# [The problem]
Every entry needs to be written out again exactly, with its pictures removed.

# [Information supplied]

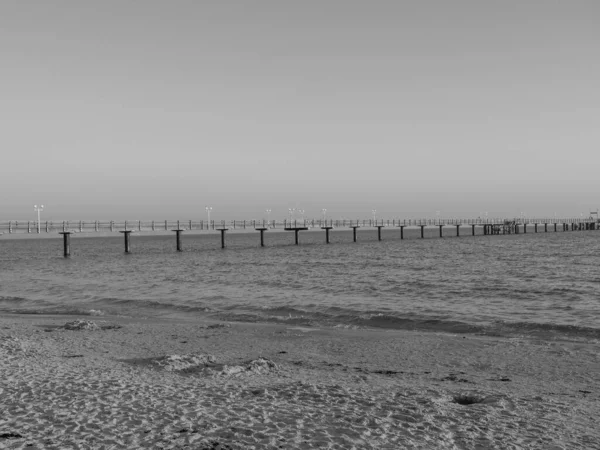 比斯海滩的日出 — 图库照片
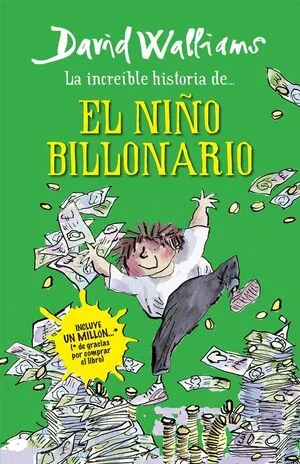 Portada de La increíble historia del niño billonario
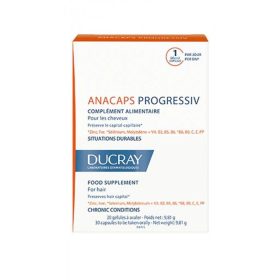 DUCRAY ANACAPS PROGRESSIV ANTICHUTE PROGRESSIVE 30 CAPSULES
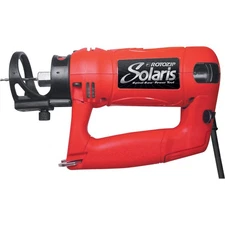 Rotozip Solaris SpiralCut Power Saw With Bits In Red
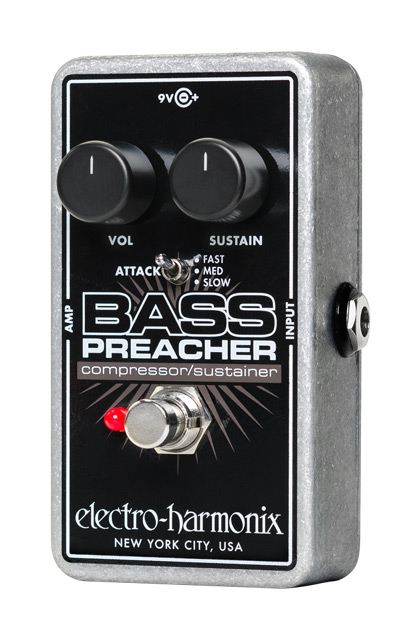 SOUL PREACHER コンプレッサー/サステイナー 楽天市場】electro-harmonix Soul Preacher [Compressor/Sustainer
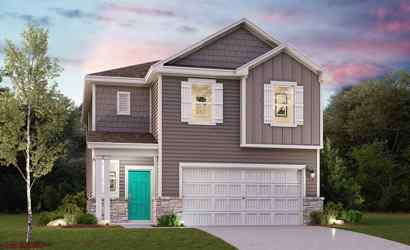 Emory floorplan Elevation C at Hacienda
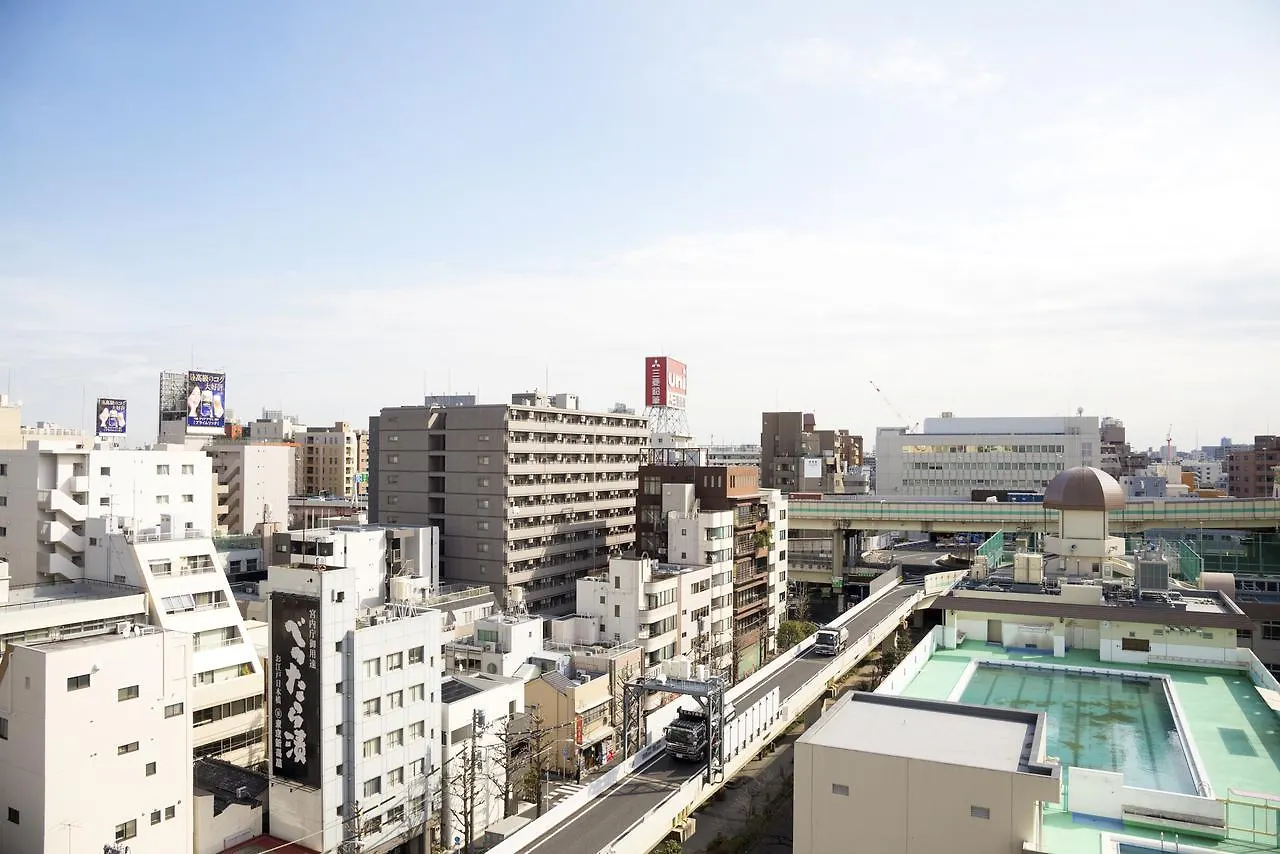 City Pension Zem Prefektura Tokio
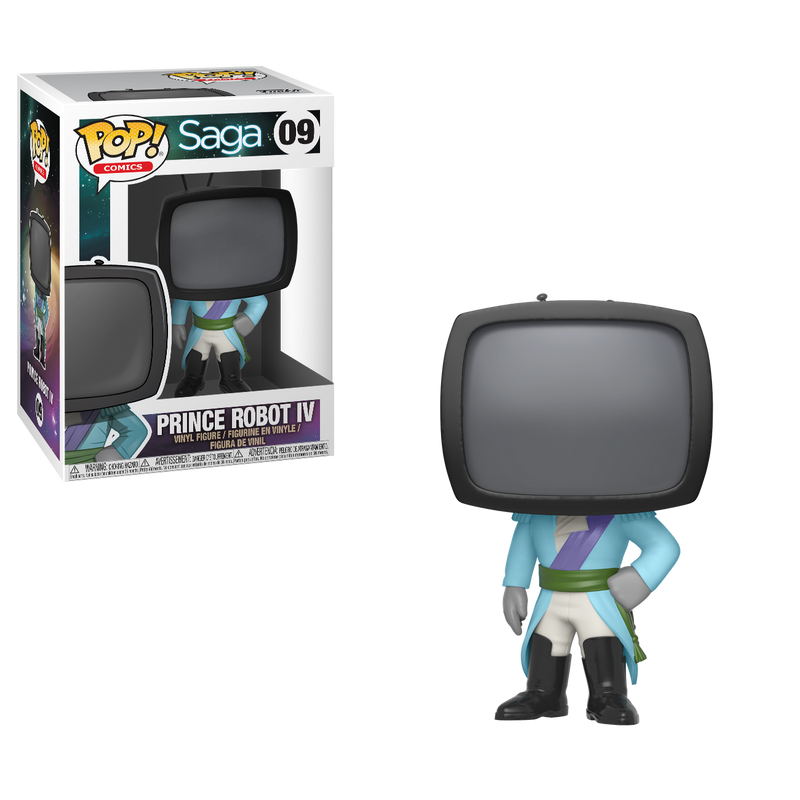 Pop! Comics: Saga - Prince Robot IV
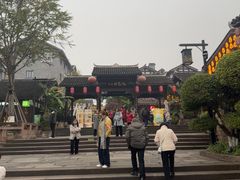 -磁器口古镇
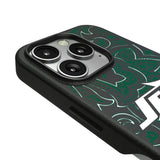 New York Jets Paisley MagSafe Compatible Phone Case for Apple iPhone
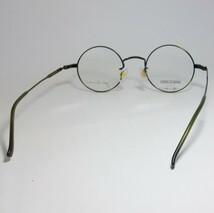 John Lennon　ジョンレノン 日本製 made in Japan クラシック 眼鏡 メガネ フレーム JL1105-3-45 度付可 アンティークゴールド_画像4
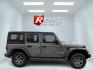 2019 Gray /Black Jeep Wrangler Unlimited Sport S (1C4HJXDG2KW) with an 3.6L V6 DOHC 24V engine, 8-Speed Automatic transmission, located at 547 E. Main St., Orwell, OH, 44076, (440) 437-5893, 41.535435, -80.847855 - This 2019 Jeep Wrangler Unlimited Sport S is a versatile SUV offering a 3.6-liter V6 engine paired with an 8-speed automatic transmission, providing a blend of power and smooth handling suitable for a variety of terrains. It comes equipped with features like heated front seats and remote start for a - Photo#4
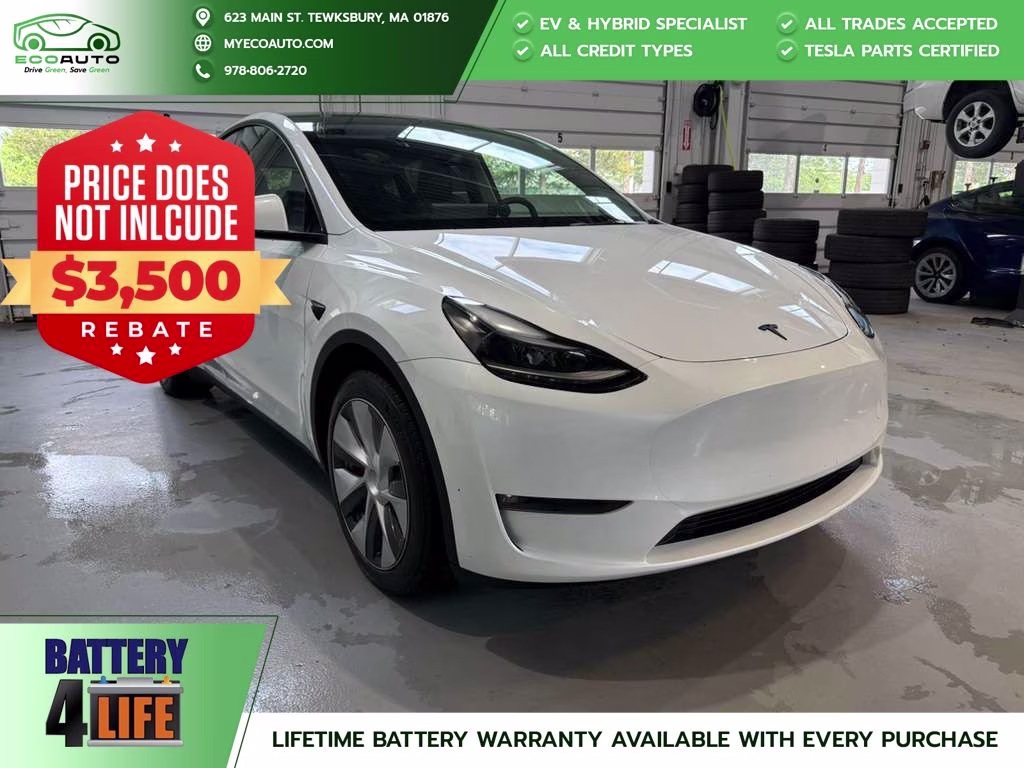 2024 Tesla Model Y Long Range Dual Motor All-Wheel Drive's photo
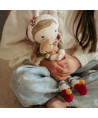 Little Dutch Rosa Muñeca Navidad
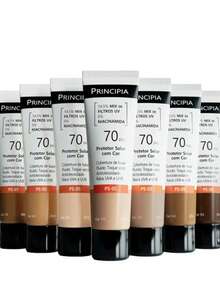 Principia Facial Sunscreen With Color SPF70 PS-05 30ml - Color 2.0 - View 3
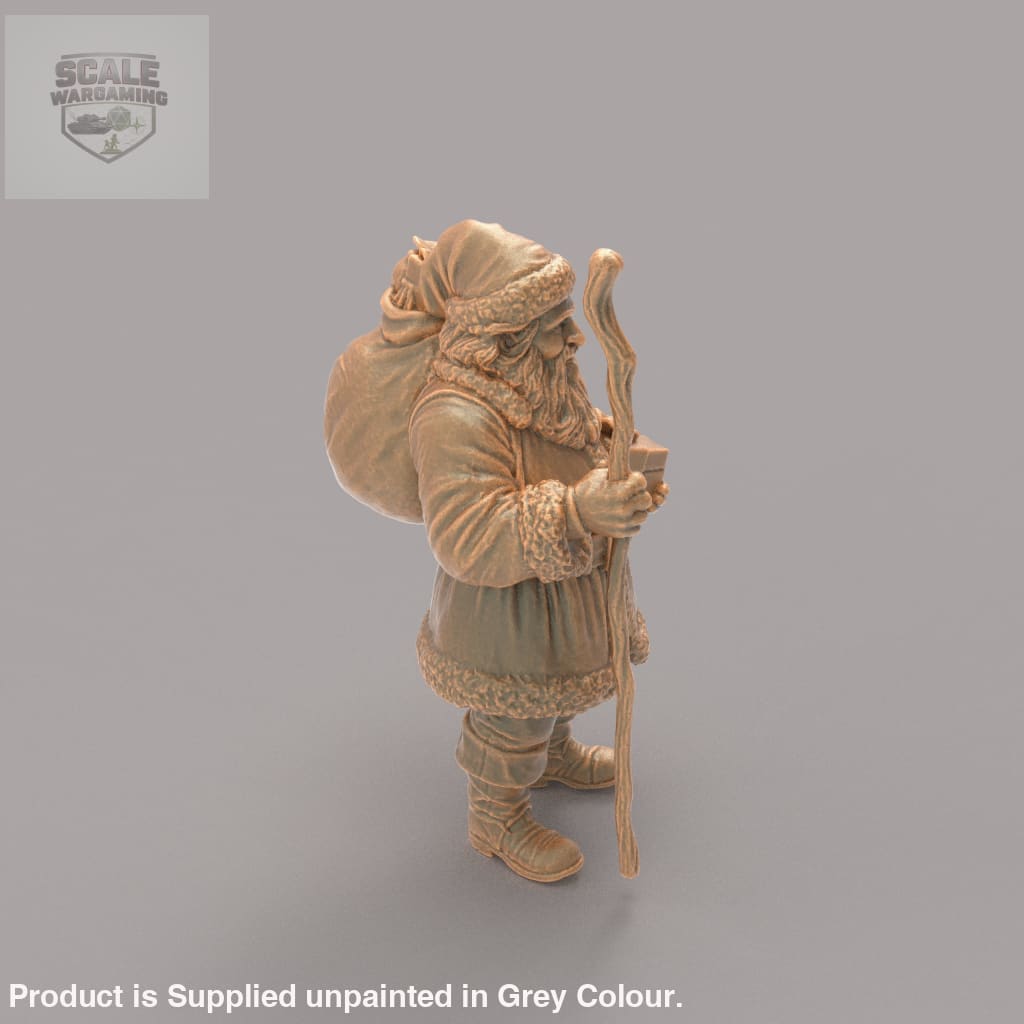 MM2149 Santa With Stick and Sack Of Toys Figure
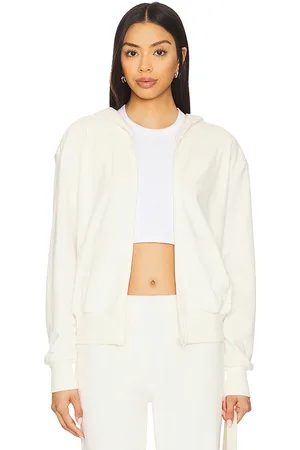 Splits59 Sudadera rhys en color talla M en - Cream. Talla M (también en S, XS).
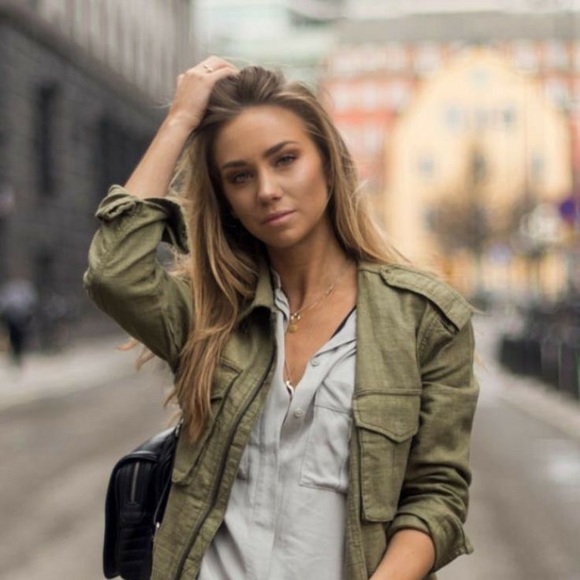 Bagatelle Collection Jackets & Blazers - 🏷NWT BAGATELLE Army green utility anorack jacket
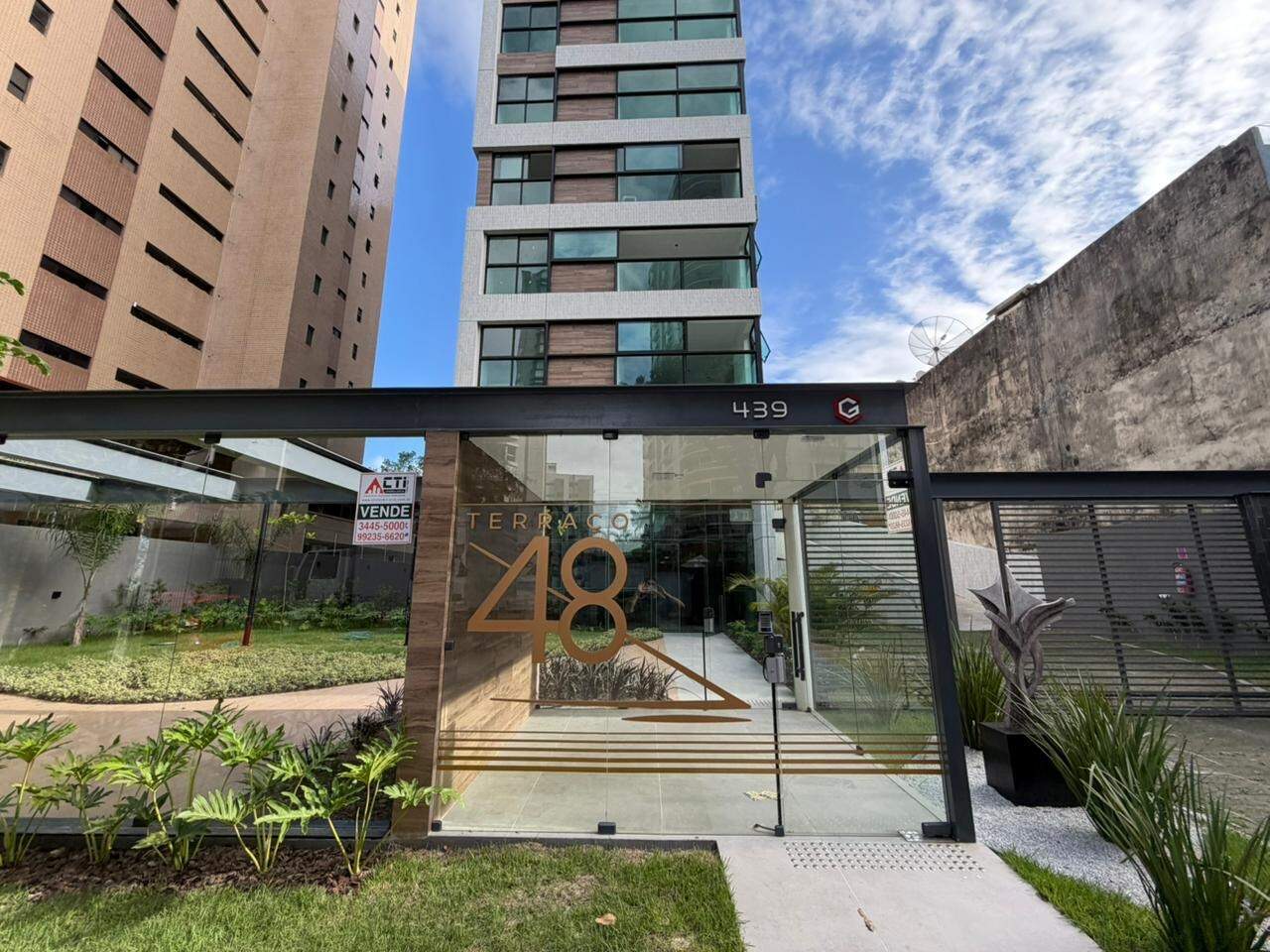 Apartamento 1 quarto ( ) para à venda em Espinheiro - Recife - Terraço 48 - CTI imobiliaria: Fachada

# [Result]
 比斯海滩的日出 — 图库照片
 Portada de La increíble historia del niño billonario
 DUCRAY ANACAPS PROGRESSIV ANTICHUTE PROGRESSIVE 30 CAPSULES
 Rotozip Solaris SpiralCut Power Saw With Bits In Red
 SOUL PREACHER コンプレッサー/サステイナー 楽天市場】electro-harmonix Soul Preacher [Compressor/Sustainer
 Emory floorplan Elevation C at Hacienda
 City Pension Zem Prefektura Tokio
 Pop! Comics: Saga - Prince Robot IV
 -磁器口古镇
 New York Jets Paisley MagSafe Compatible Phone Case for Apple iPhone
 John Lennon　ジョンレノン 日本製 made in Japan クラシック 眼鏡 メガネ フレーム JL1105-3-45 度付可 アンティークゴールド_画像4
 2019 Gray /Black Jeep Wrangler Unlimited Sport S (1C4HJXDG2KW) with an 3.6L V6 DOHC 24V engine, 8-Speed Automatic transmission, located at 547 E. Main St., Orwell, OH, 44076, (440) 437-5893, 41.535435, -80.847855 - This 2019 Jeep Wrangler Unlimited Sport S is a versatile SUV offering a 3.6-liter V6 engine paired with an 8-speed automatic transmission, providing a blend of power and smooth handling suitable for a variety of terrains. It comes equipped with features like heated front seats and remote start for a - Photo#4
 2024 Tesla Model Y Long Range Dual Motor All-Wheel Drive's photo
 Little Dutch Rosa Muñeca Navidad
 Principia Facial Sunscreen With Color SPF70 PS-05 30ml - Color 2.0 - View 3
 MM2149 Santa With Stick and Sack Of Toys Figure
 Splits59 Sudadera rhys en color talla M en - Cream. Talla M (también en S, XS).
 Bagatelle Collection Jackets & Blazers - 🏷NWT BAGATELLE Army green utility anorack jacket
 Apartamento 1 quarto ( ) para à venda em Espinheiro - Recife - Terraço 48 - CTI imobiliaria: Fachada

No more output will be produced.